Afghan President Hamid Karzai condemned the attack as an "anti-Islamic" act, but stressed it would not halt his government’s efforts to promote peace and stability in Afghanistan.
Associated Press Television News footage from the scene showed yellow and red apples pockmarked with shrapnel lying in pools of blood and a man’s shoe.
Turkistani’s pickup truck, which took the brunt of the blast, was pitted with holes and body parts of the bomber lay on a blanket nearby. An ambulance removed the victims’ bodies, covered with pink-and-yellow blankets, from the scene.

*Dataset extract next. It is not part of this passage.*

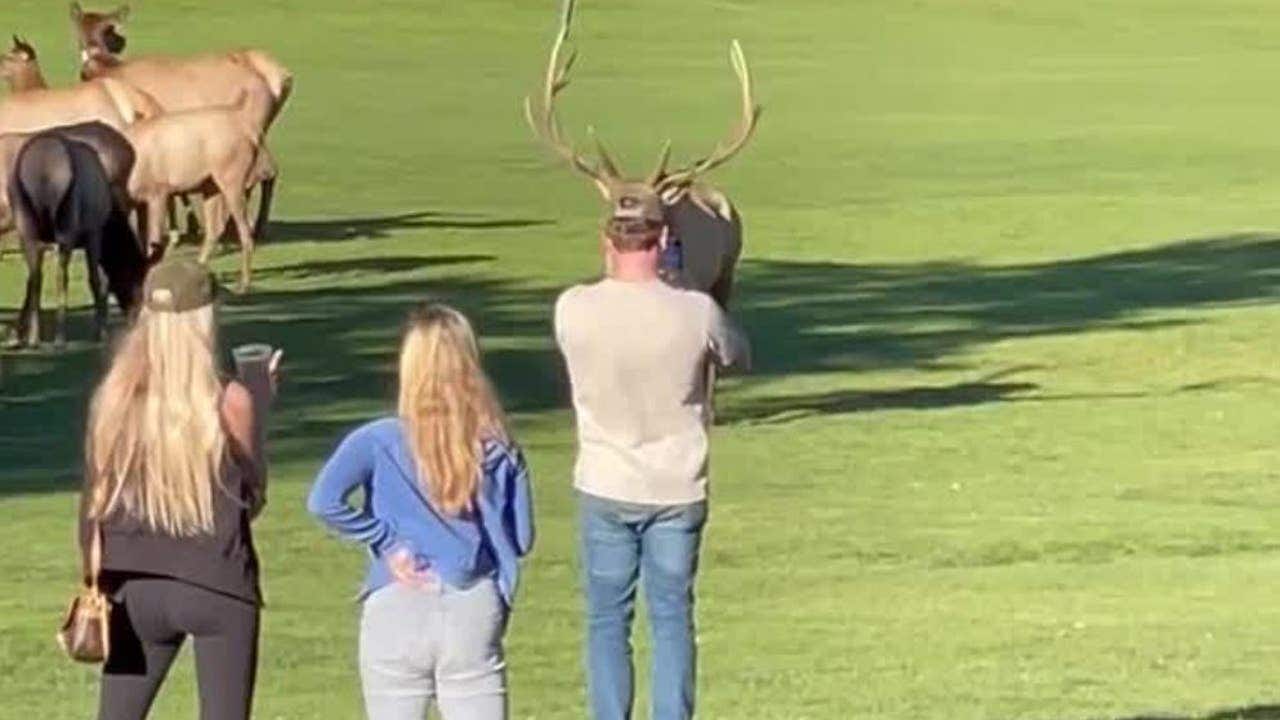 Caught On Video Agitated Bull Elk Charges Man In Colorado National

Attacks in the north and west of the country — though not militarily significant — show that violence is rising across wide swaths of Afghanistan even as the U.S. and its allies mount a major effort to turn the tide of the nearly 9-year-old war in the south.

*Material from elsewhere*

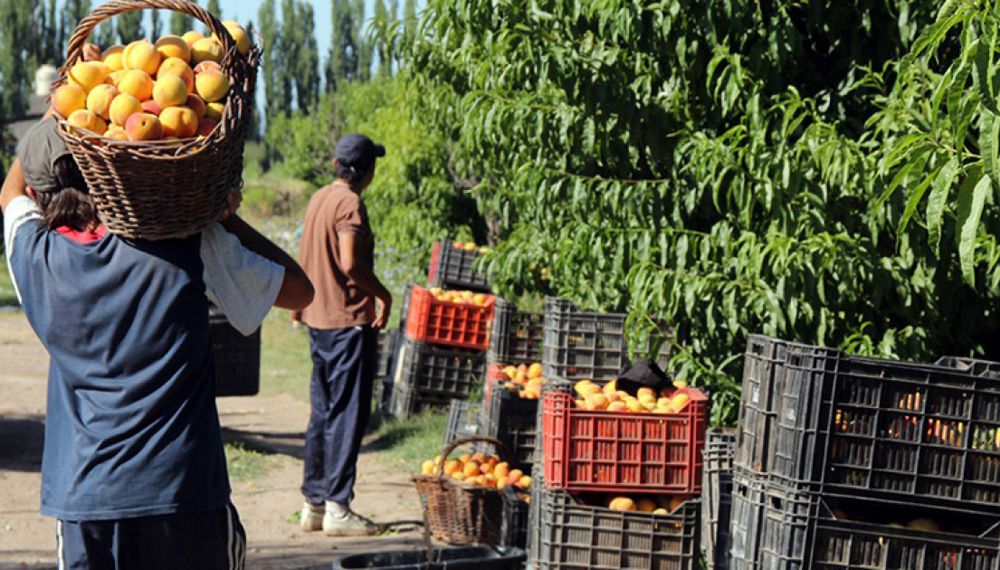 El plan Agricultura Familiar tiene abierta la inscripción hasta el 13 de junio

While Taliban influence in the north and west is not as pervasive as in the movement’s southern heartland, the insurgency has been slowly expanding its presence in areas such as Kunduz, Faryab and Baghlan since 2007, mostly among Pashtuns who are a minority in northern parts of the country.
Meanwhile, NATO said three of its service members were killed on Friday.
The coalition said two service members were killed by insurgent attacks in southern Afghanistan, and a third in the east. NATO did not provide further details or the service members’ nationalities.
The deaths bring the total number of NATO fatalities in Afghanistan this year to 615.
Insurgent attacks in Afghanistan have been steadily increasing this year, said analyst Sami Kovanen of Kabul-based Indicium Consulting, a security analysis firm. Earlier this year, attacks were up by 40 percent, he said. That rose to 80 percent over the summer, he said, adding that attacks since Sept. 18 parliamentary elections are up 120 percent compared to the same period last year.
The spike in violence comes despite an aggressive capture-or-kill strategy aimed at taking out Taliban leaders, the results of which are still unclear. Kovanen said there were reports the strategy had demoralized some Taliban fighters in the midlevel and lower ranks and disrupted the flow of money and supplies.
In the latest such operation, an Afghan and NATO force captured the Haqqani network’s shadow governor for Spera district in eastern Afghanistan’s Khost province during an overnight operation.
The shadow governor had coordinated the facilitation of foreign fighters from Pakistan and directed ambush attacks in the district, NATO said.
The Haqqani network is an autonomous wing of the Taliban with close ties to al-Qaida. Its leadership is based in Pakistan.